The surprising omission of taxing income of the retailers and wholesalers in the entire budget document is indeed an enigma, so to speak. This omission appears to be strategic so as not to rile up the mighty traders (Tajeran Ittehad).
Obviously, the underlying assumption is that renewed enforcement measures on collecting sales tax would inevitably bring them into the income tax net through documentation of transactions. How this measure plays out in Faisalabad and Lahore would be interesting to watch.
Contrary to the perception generated by the finance minister’s repeated averments prior to the budget presentation that this would be a ‘bold’ budget, except for the proposal to end the protection to local industry in a phased manner of high import tariffs, it is a rather half-hearted attempt despite the compelling need for widening the tax net to distribute the burden equitably and provide meaningful relief to the corporate sector and the salaried people that carry the highly disproportionate burden of tax on their income.

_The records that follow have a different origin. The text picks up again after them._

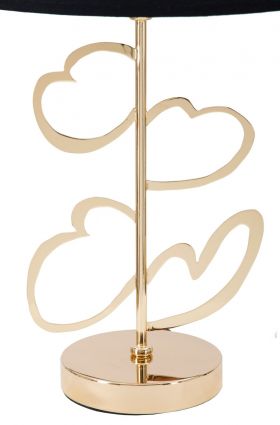 Lampa de masa Glam Harts, Mauro Ferretti, Ø30 x 54.5 cm, 1 x E27, 40W, fier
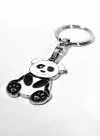 Panda Siyah ve Beyaz Metal Anahtarlık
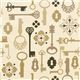 lock & key premium laminate fabric by Michael Miller 1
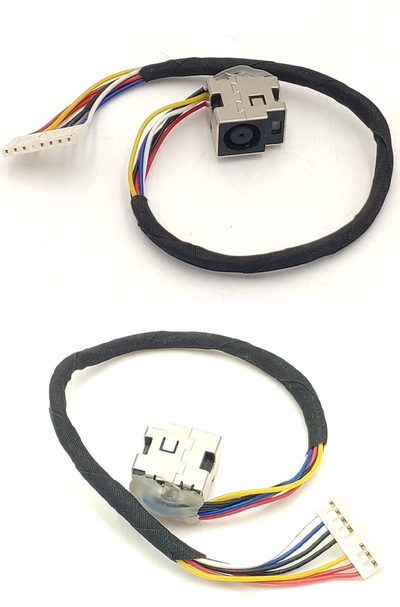 Conector DC jack Hp G72,G62,Cq72,Cq62 con cable 8 pin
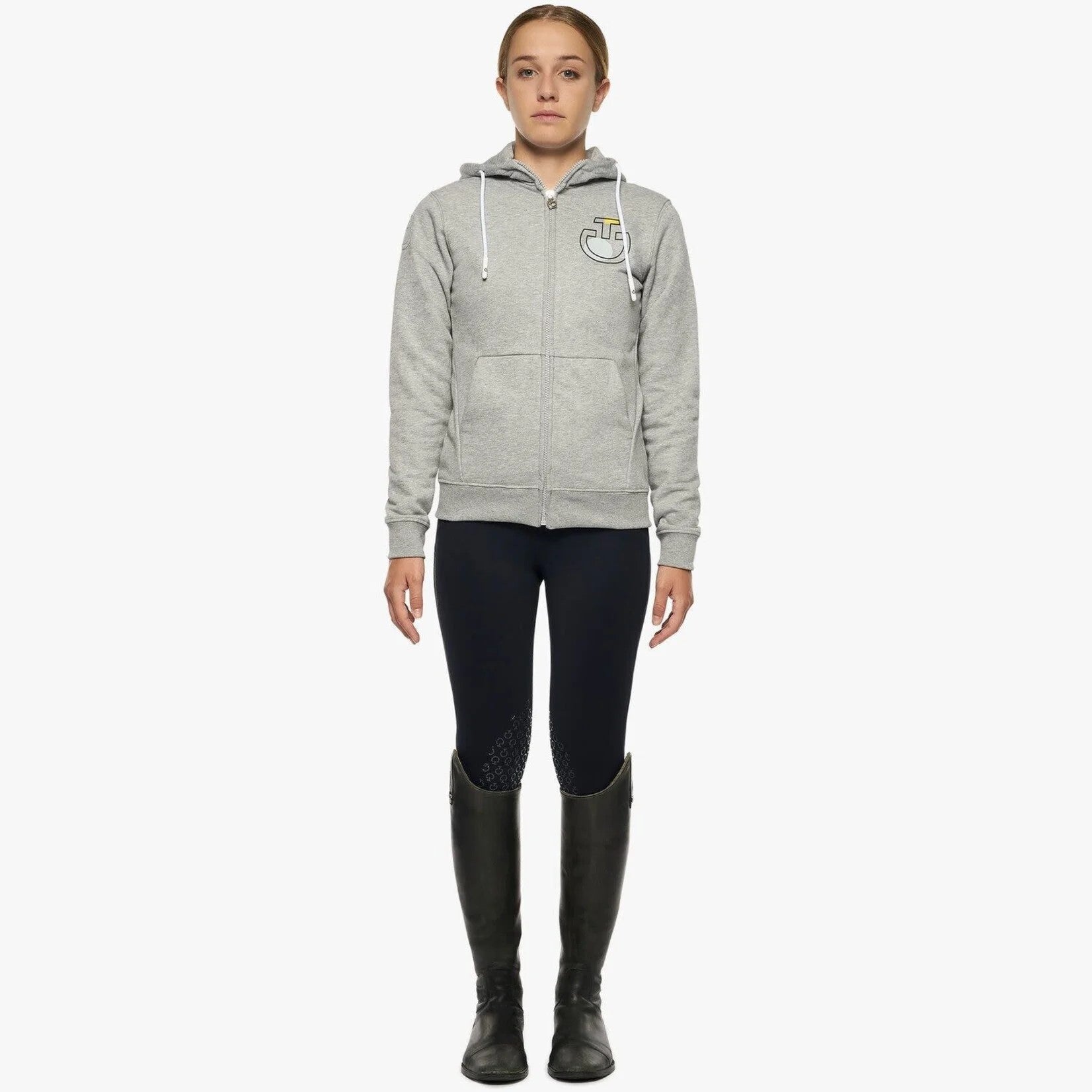 Cavalleria Toscana Kids Zip Hoodie- FEA008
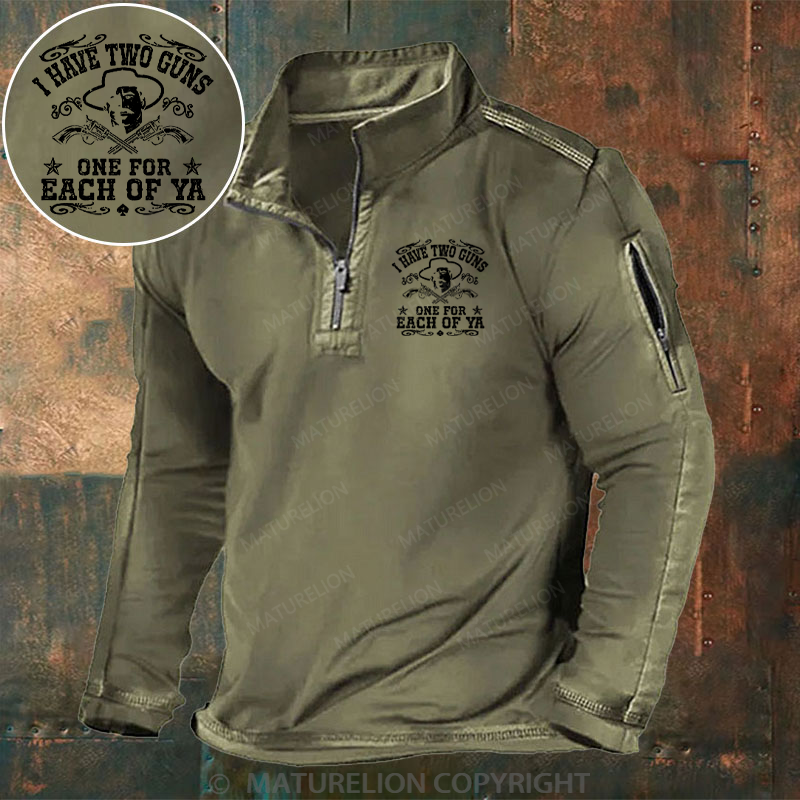 Maturelion Men's Henley Shirt Doc Holliday One for Each of Ya Henley Shirt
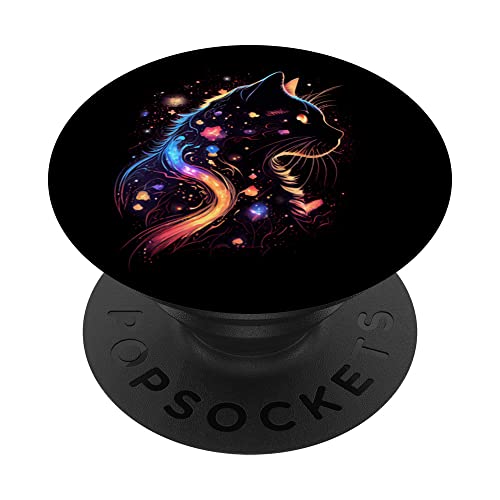 Cosmic Cat Grafik für Männer Frauen Jungen Mädchen PopSockets mit austauschbarem PopGrip Cosmic Cat Grafik für Männer Frauen Jungen Mädchen PopSockets mit austauschbarem PopGrip von Graphic Tees Men Women Boys Girls
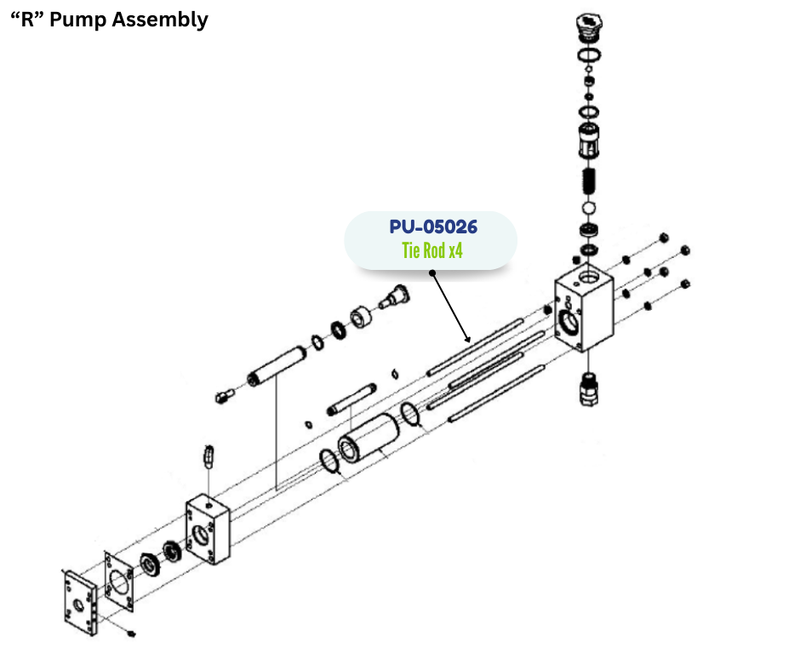 PMC TIE ROD, 3/824 (PU05026) (PU-05026)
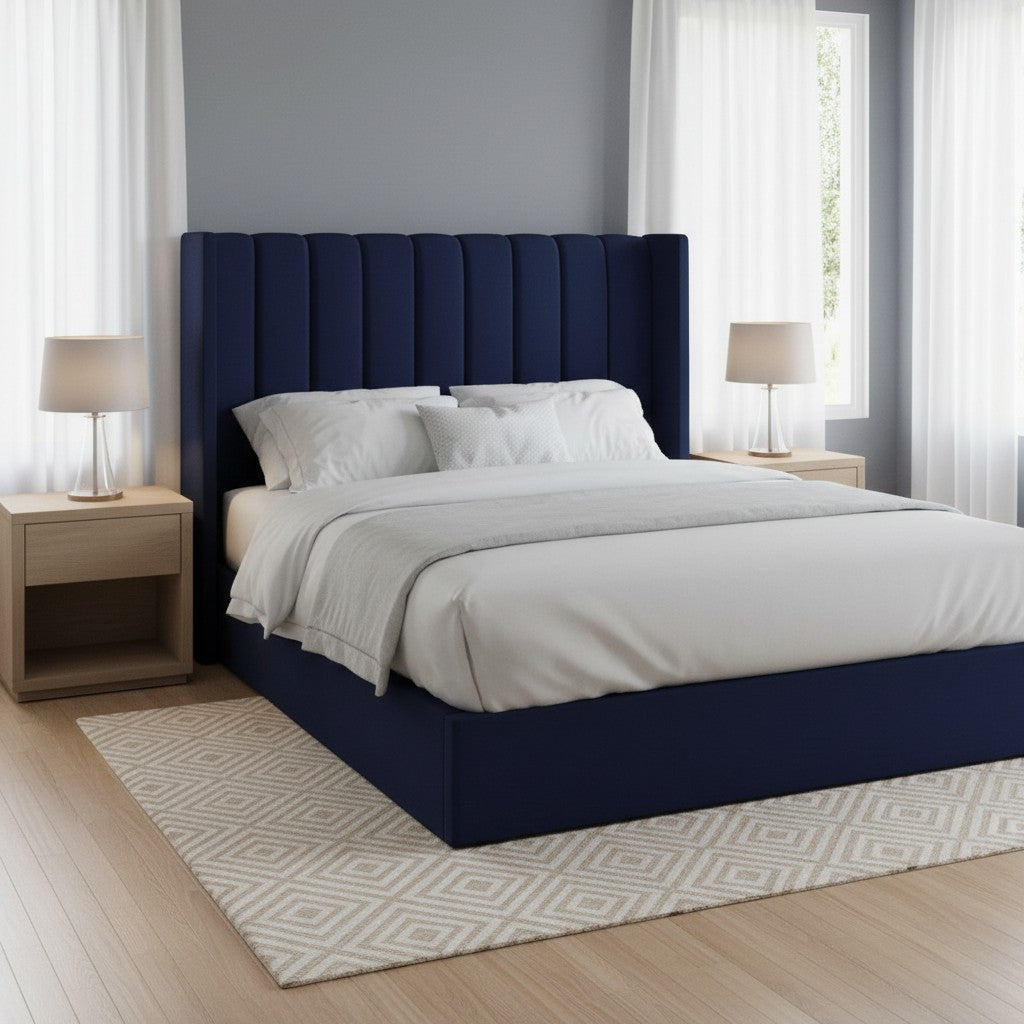 Nu Dekor - Secilia Velvet Paneled Tufted Headboard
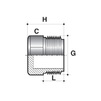 Draft COMER plug with male thread, d - 1 1/4", PVC-U, PN 16 [Code number: PL710400PVC]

It is, therefore, a sad commentary that the government has not afforded a meaningful respite to these two classes of taxpayers from the heavy taxation of their income.
In fact, it has gone the extra mile to increase the burden of tax on their incomes from savings and investment. Instead, the primary focus appears to be on tax leakages and not on expanding tax base as the former involves squeezing the already taxed while the latter would require the government to muster political will and courage to rope in the elite and groups with a high nuisance value that have successfully and resolutely resisted all efforts aimed at taxing their incomes thus far.
Needless to say, there’s a growing need for decreasing informality within Pakistan’s economy, and the importance of this fact cannot be stressed or emphasised enough.